1.4 Delivery Deadline
Party A shall complete and provide the Works to Party B by December 8, 2025, unless Party B grants a written extension.
1.5 Originality and Documentation
Party A represents and warrants that the Works are original creations by Party A. Should any portion of a Work incorporate third-party or derivative material, Party A shall supply documentation demonstrating valid licenses or assignments covering such material.
1.6 Content Requirements
The Works shall not include any content prohibited by applicable law, including but not limited to content involving national security risks, obscene or defamatory content, incitement of illegal activity, infringement of third-party rights or other unlawful or harmful content.
1.7 Transferred Rights
The rights transferred to Party B include, without limitation:
reproduction
distribution
rental
public performance
exhibition
broadcasting
information-network dissemination
adaptation
translation
compilation
cinematographic and audiovisual production rights
1.8 Warranties
Party A represents and warrants that it possesses all rights necessary to transfer the Works and that no portion infringes any third-party rights. Party A shall indemnify Party B for any losses arising from a breach of this warranty. Party A further represents and warrants that: (a) it is a corporation duly organized, validly existing, and in good standing under the laws of its state of incorporation; (b) it has the full corporate power and authority to enter into this Agreement and to perform its obligations hereunder; (c) the execution and delivery of this Agreement have been duly authorized by all necessary corporate action on its part; and (d) this Agreement constitutes its legal, valid, and binding obligation, enforceable against it in accordance with its terms.
1.9 Moral Rights
To the fullest extent permitted by law, Party A irrevocably waives and agrees not to assert any moral rights, including rights of attribution and integrity.
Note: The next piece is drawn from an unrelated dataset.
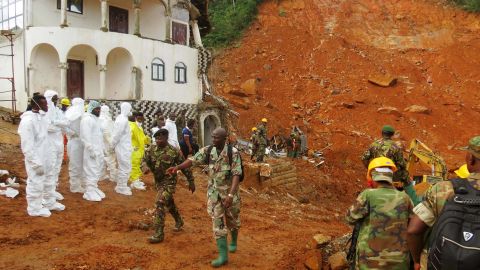 A search-and-rescue team and soldiers operate at the disaster site this week in Freetown.
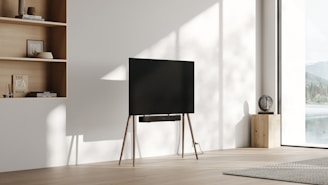 A minimalist, modern living space featuring a thin flat-screen TV mounted on wooden legs. Next to the TV, there's a small wooden table with a textured sphere on top. To the left is a built-in wooden shelf holding books and decorative items. Sunlight pours in from a large window overlooking a scenic view with mountains and a lake. The interior is bright with neutral tones, emphasizing simplicity and elegance.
2. Transfer Fee and Payment
2.1 Fee: The total copyright transfer fee shall be USD 1,576,920 (the “Consideration”).
2.2 Payment
Party B shall pay Consideration either (a) in cash, in one lump sum, or (b) in newly issued shares of common stock of Party B (the “Shares”), or in a combination thereof, The total number of shares to be issued shall be equivalent to 927,600 Shares, subject to Section 2.4.
2.3 Payment Method: All cash payments shall be made to the bank account designated by Party A. Any stock issuance shall be effected by book-entry through the transfer agent of Party B, in accordance with customary settlement procedures of The Nasdaq Stock Market LLC (“Nasdaq”).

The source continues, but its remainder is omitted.